Creation: movie review
Charles Darwin’s family life and inner struggles are explored in 'Creation,' a look at the man behind 'The Origin of Species.'
In “Creation,” Charles Darwin the man takes precedence over Charles Darwin the scientist. In a better movie, these two aspects would not appear so far apart. Typically, Hollywood biographies of famous people attempt to show us the “real” man or woman behind the legendary achievements. The most egregious example of this was “Amadeus,” where Mozart was portrayed as a goofy, dirty-minded buffoon who just happened to be a genius.

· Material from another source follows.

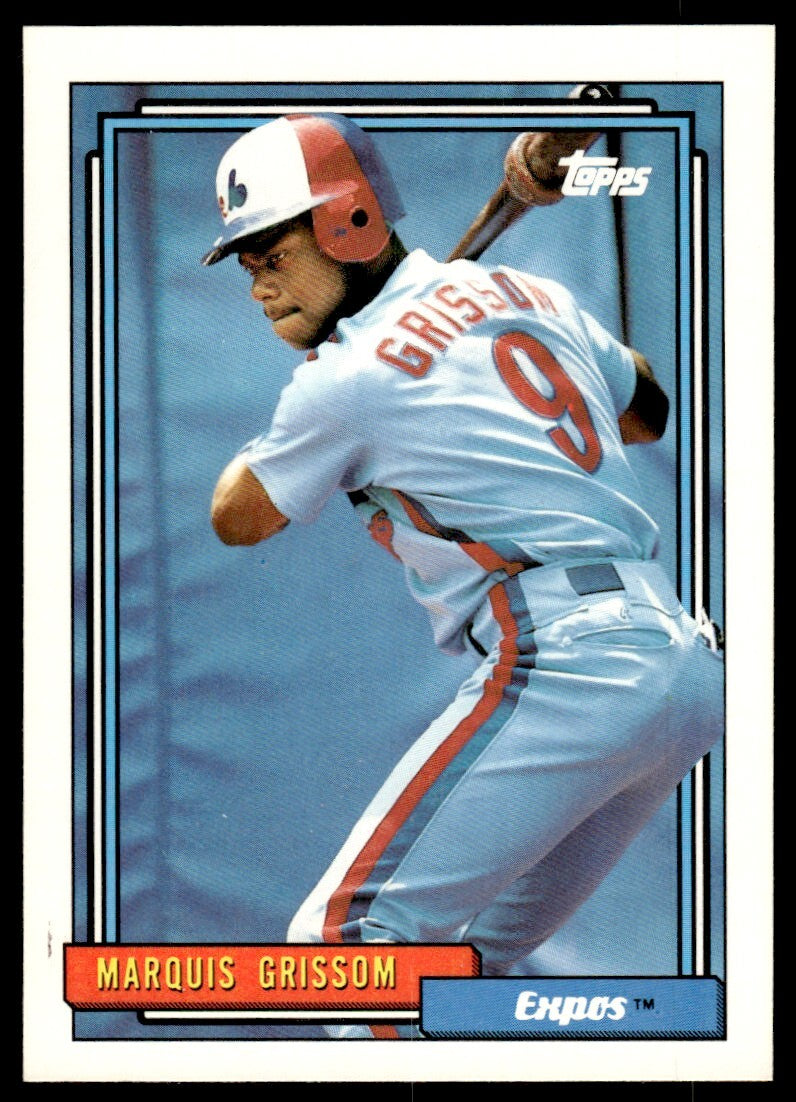 1992 Topps Baseball Card Marquis Grissom Montreal Expos #647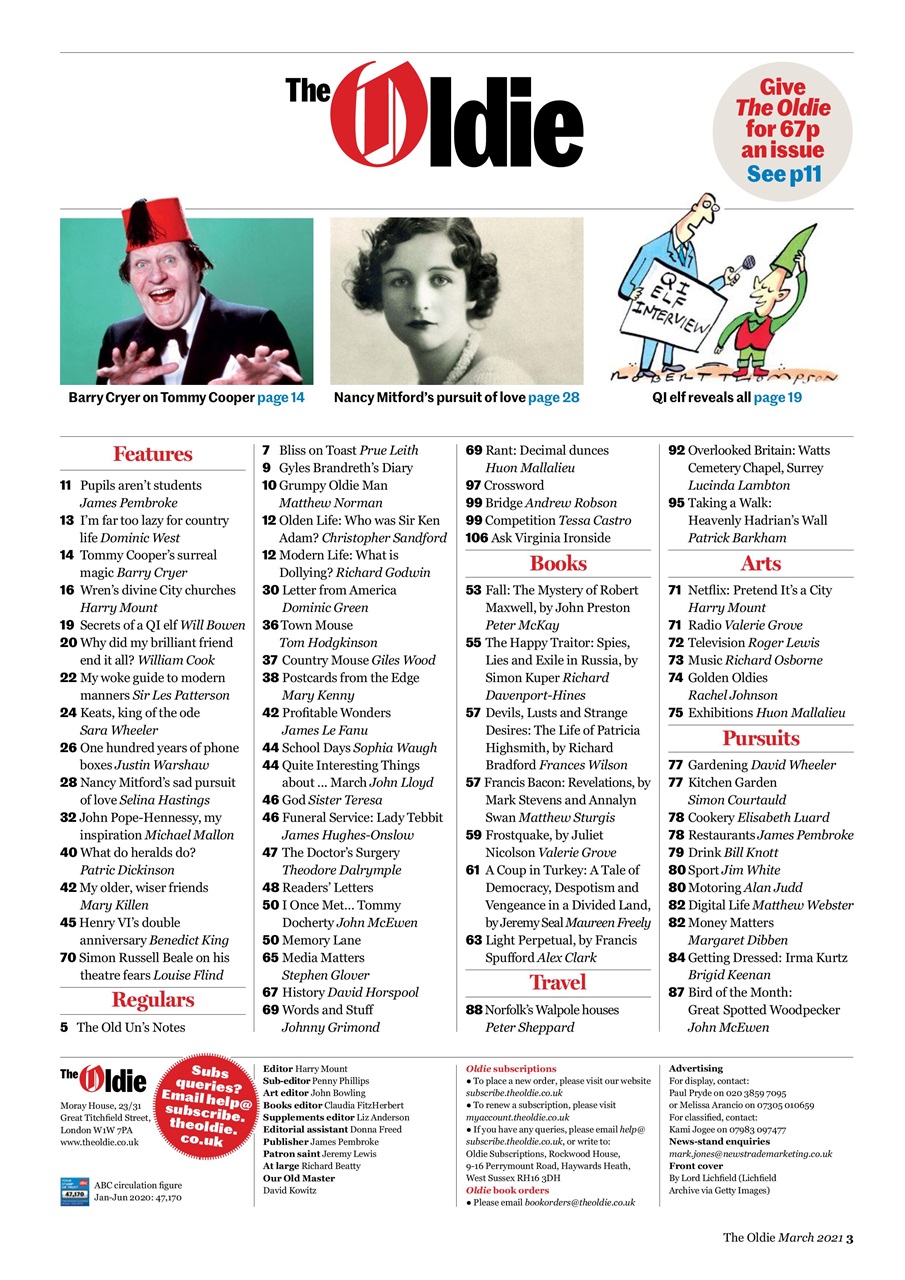 The Oldie Preview Pages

Since Darwin is known to most people solely from his photo as the bearded, stern-faced eminence behind “The Origin of Species,” the filmmakers behind “Creation,” in attempting to give us the “real” Darwin, are practically inventing the wheel – or at least creating a new one.
Darwin (Paul Bettany) is presented to us mostly in his pre-“Origin” days as a man in his 40s distraught to the point of despair over the death in 1851 of his beloved 10-year-old daughter, Annie (Martha West). Director Jon Amiel – working from a screenplay by John Collee based on the book “Annie’s Box” by Darwin descendant Randal Keynes – goes in for a lot of ethereal father-daughter flashbacks. Annie, who also appears in the movie as a kind of ghost, shared the great scientist’s love of naturalist observation. (If you’re a fan of baby orangutans, look no further than this movie.) By fashioning Darwin’s observations through the prism of his daughter’s presence, the filmmakers are both humanizing and sentimentalizing him. They bring his genius down to earth. “Creation” is saying: Great men of science can suffer the same as us mere mortals.

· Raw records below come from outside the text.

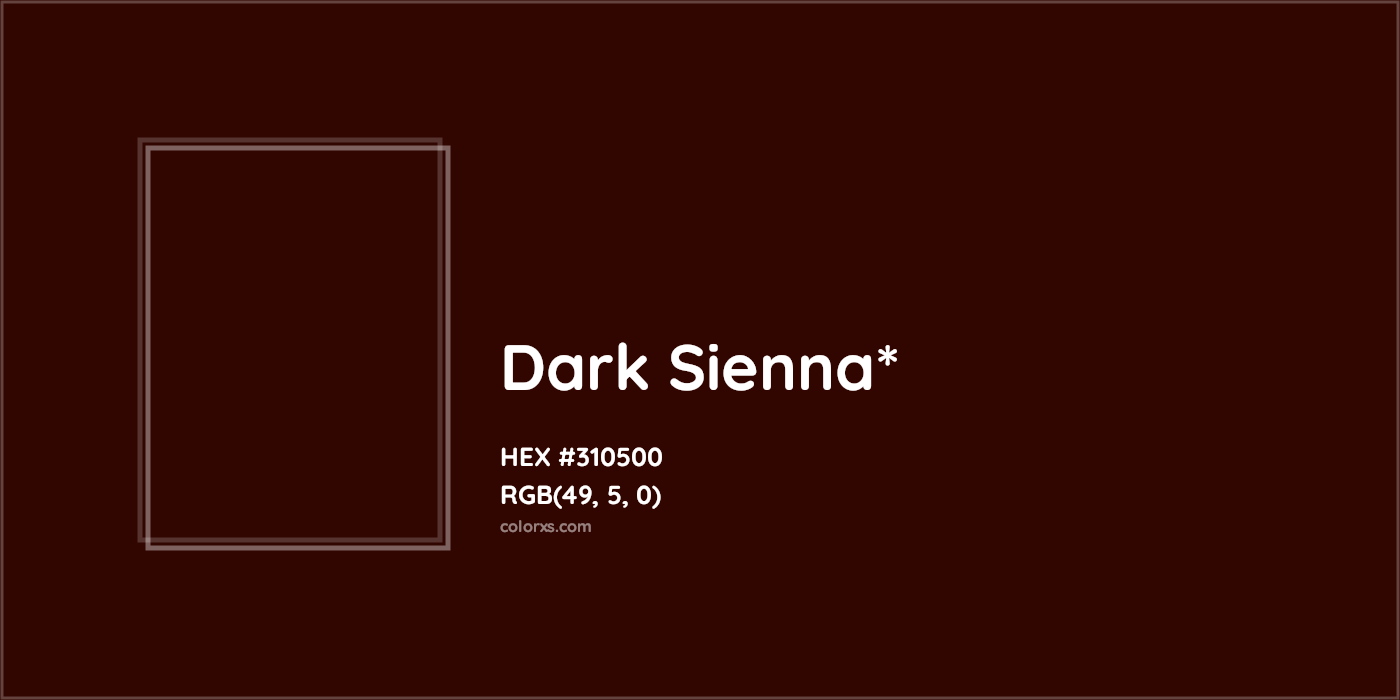 HEX #310500 Color Name, Color Code, Palettes, Similar Paints, Images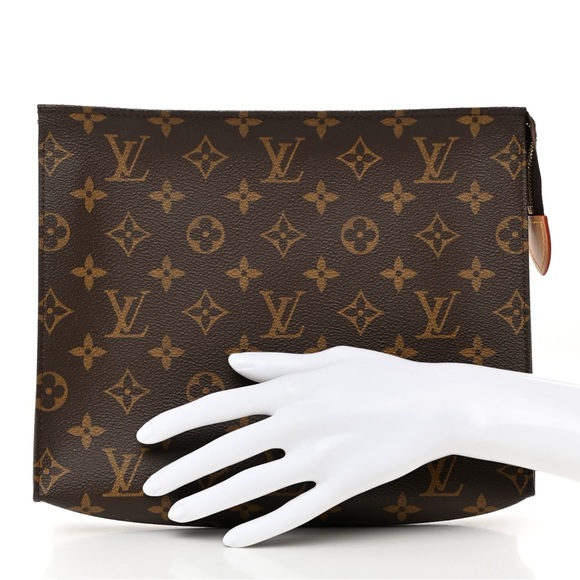 👝Authentic Louis Vuitton Monogram Toiletry Pouch 26 Cosmetic Bag Clutch - Picture 15 of 15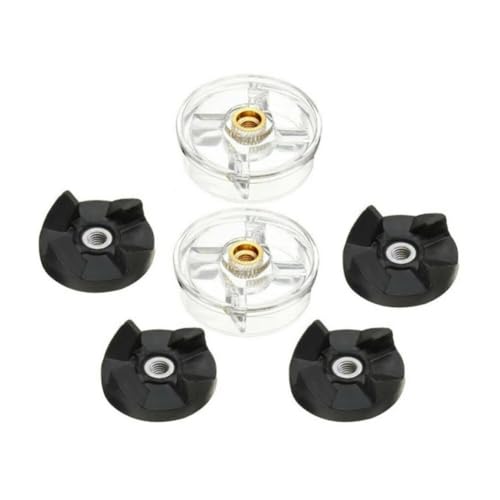 MEXWLOP Część zamienna Przekładnia podstawowa i przekładnia ostrzy do blenderów Magic Bullet MB1001 250 W, 6 szt. Ostrze pokrywy blendera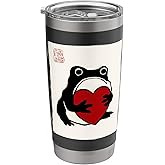 Grumpy Frog Japanese Men Women Kids St. Valentine's Day Stainless Steel Insulated Tumbler
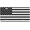 American Flag Black and White, variant on American Flag License Plate - Patriotic USA Freedom Stars Stripes Aluminum Car Tag 12x6 Inch - Waterproof Novelty Auto Accessory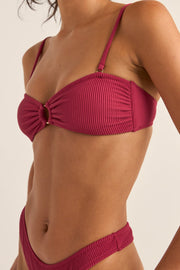 RHYTHM Isla Rib Ring Bandeau Top-The Shop Laguna Beach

In making Darwin pathologically despondent for much of the movie, the film overcorrects the cliché that rationality and passion are mutually exclusive. It doesn’t help that Darwin’s wife and first cousin, Emma (Jennifer Connelly, who is Bettany’s real-life wife), comes across as a bitter scold. Dealing with the aftermath of Annie’s death strengthened her religious faith while it helped dismantle his. Better than the scenes between Darwin and Emma are the ones between him and his clergyman friend the Rev. Innes (Jeremy Northam). They’re like intellectual wrestling matches, with Darwin always getting the pin.
But at least Darwin is wrestling with his faith, as opposed to, say, his friend Thomas Huxley (Toby Jones), who happily predicts that the publication of “Origin” will “kill God.” On the whole, though, “Creation” doesn’t delve deeply into the whole faith versus science thing, nor does it make much explicit reference to contemporary creationist controversies. The film is content to present itself as a self-enclosed period piece, a character study and not a polemic. As such, it’s rather staid and old-fashioned, despite its jumbled chronology and dreamlike flashbacks.
The film is never less than intelligent and never more than accomplished. I wish it subverted not only our commonplace conception of Darwin but also the era in which he lived. The reclusive, famished Darwin of this movie at times resembles nothing so much as the John Keats of “Bright Star.” Bettany knows how to suffer romantically – or to be more precise, Romantically. In the end, I half expected him to produce “Ode on a Grecian Urn” rather than “The Origin of Species.” Grade: B- (Rated PG-13 for some intense thematic material.)